TASK DIRECTIONS: Locate the line that contains "Wyborowa Vodka 700ml". Retype it and every line after it to the end of the records, exactly, but not the pictures.

EXERCISE DATA section start

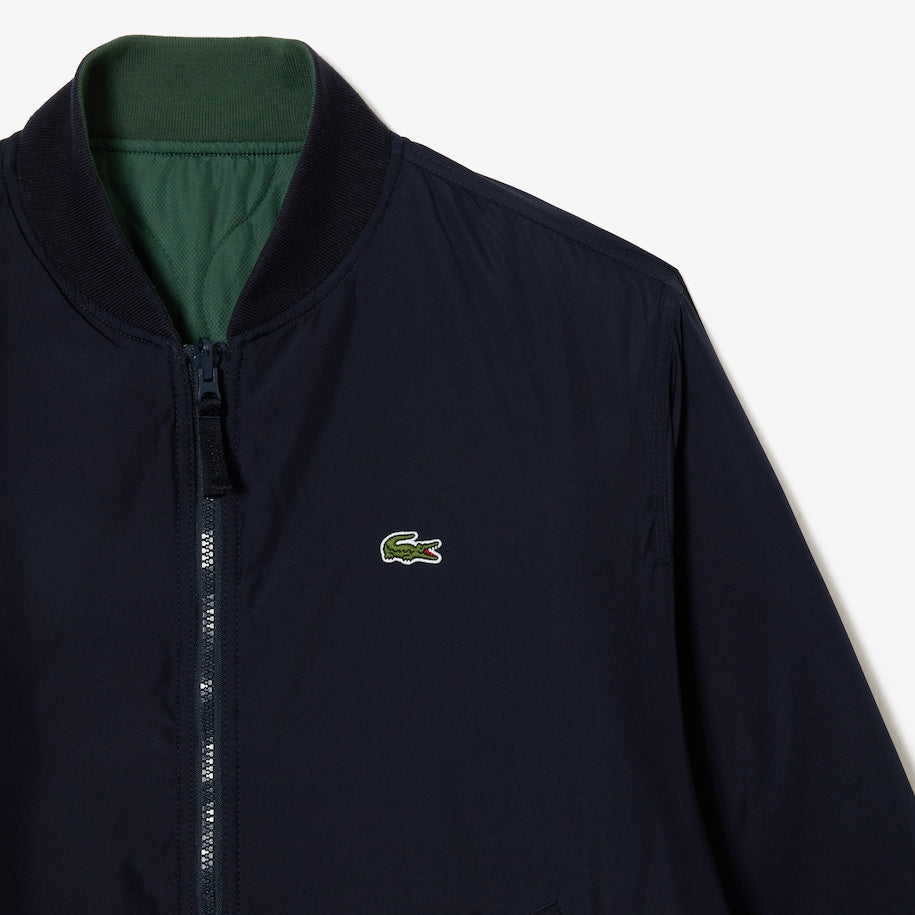JAQUETA BOMBER MASCULINA EM TAFETÁ ACOLCHOADO REVERSÍVEL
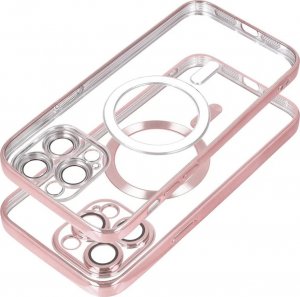 Braders Etui Futerał Electro Mag Cover do iPhone 14 złoty róż 2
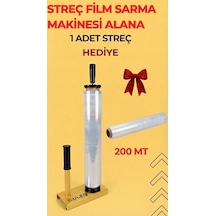 Glc Palet Streç Film Sarma Aparatı + Streç Film Hediyeli Sarı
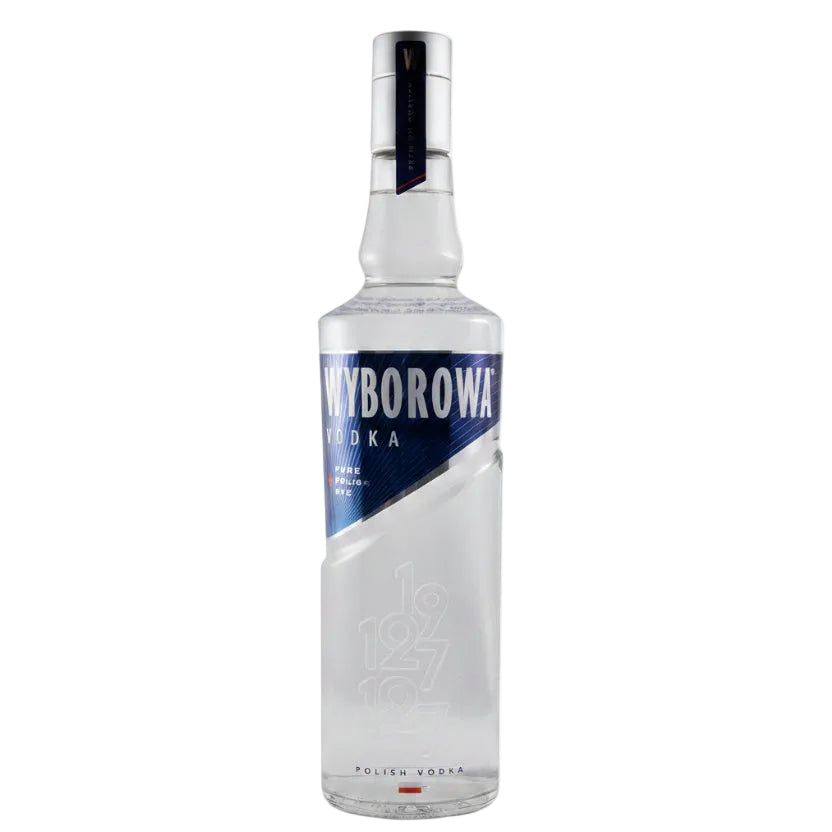Wyborowa Vodka 700ml 37.5% ABV classic Polish rye vodka for cocktails, mixed drinks and serving chilled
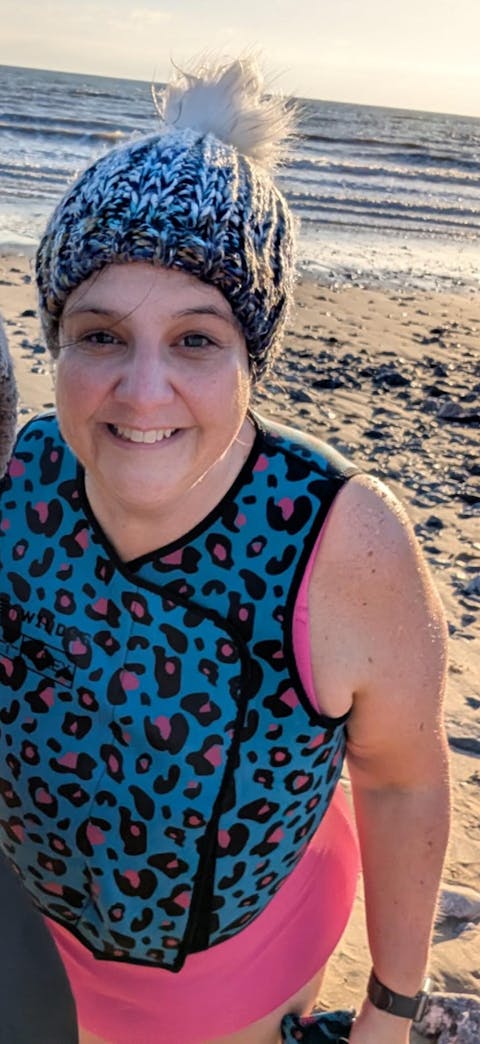 YULEX EasyOff™ Swimming Socks; Leopard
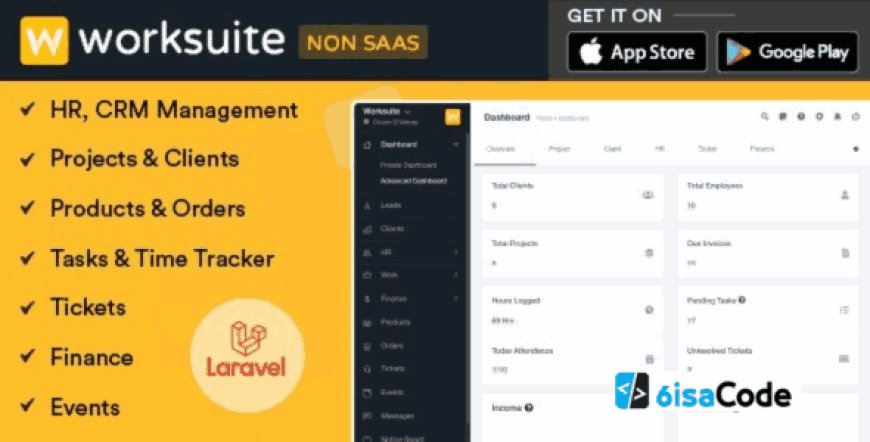 HR CRM Project Management Script – WORKSUITE v5.5.20 (Best All-in-One Business Suite)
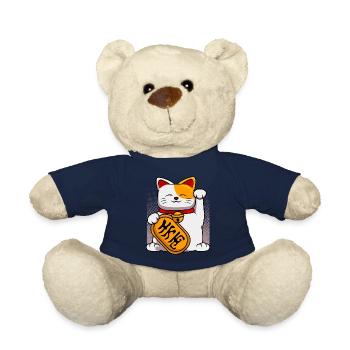 Japan Winkekatze Winken Katzen Katzenbesitzer - Teddy - French Navy - Vorne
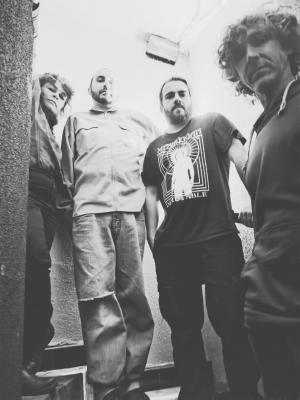Les membres du Groupe O.G.R.E. avec le nouveau bassiste 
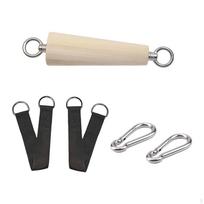 Ergonomic Pull-up Bar Handles with Straps And Buckles, for Back , Strength Training, 15cmx5cm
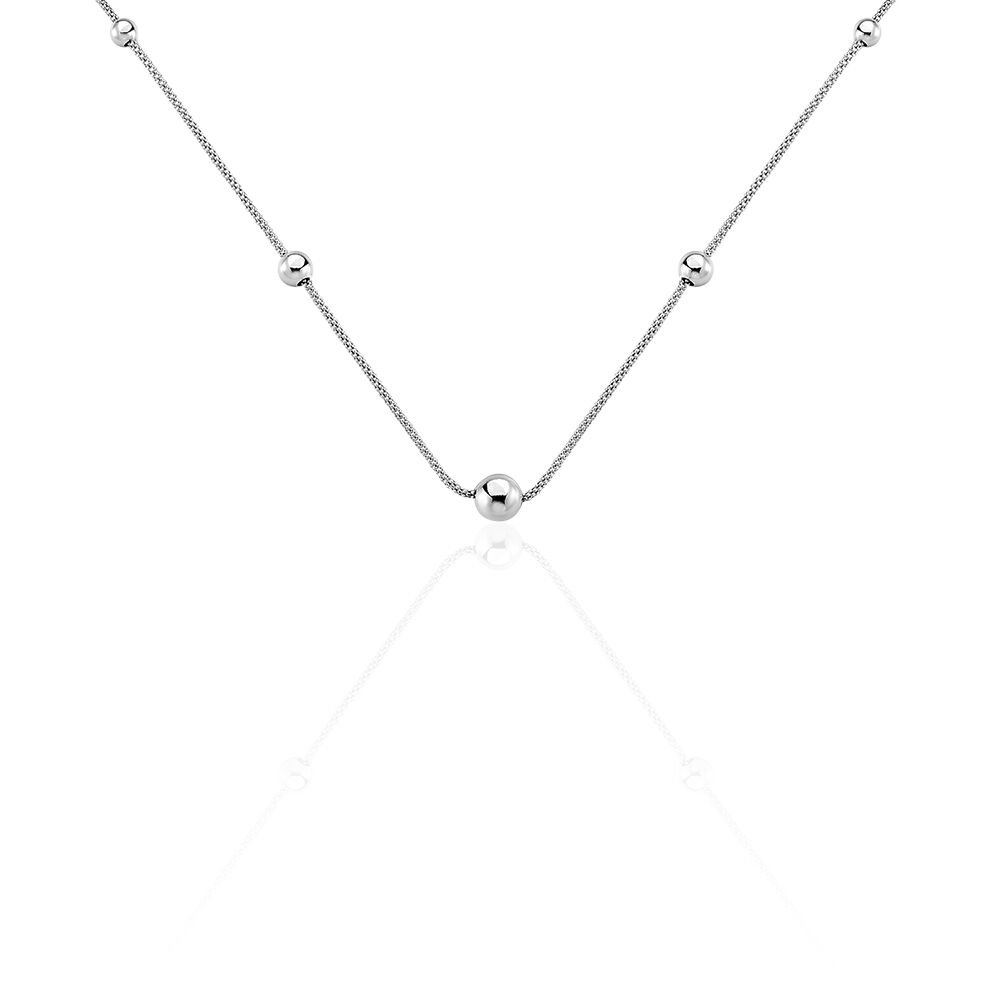 Collier Catarina Argent Blanc - Colliers Femme | Marc Orian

EXERCISE DATA section end

TASK OUTPUT:
Wyborowa Vodka 700ml 37.5% ABV classic Polish rye vodka for cocktails, mixed drinks and serving chilled
 YULEX EasyOff™ Swimming Socks; Leopard
 HR CRM Project Management Script – WORKSUITE v5.5.20 (Best All-in-One Business Suite)
 Japan Winkekatze Winken Katzen Katzenbesitzer - Teddy - French Navy - Vorne
Les membres du Groupe O.G.R.E. avec le nouveau bassiste 
 Ergonomic Pull-up Bar Handles with Straps And Buckles, for Back , Strength Training, 15cmx5cm
 Collier Catarina Argent Blanc - Colliers Femme | Marc Orian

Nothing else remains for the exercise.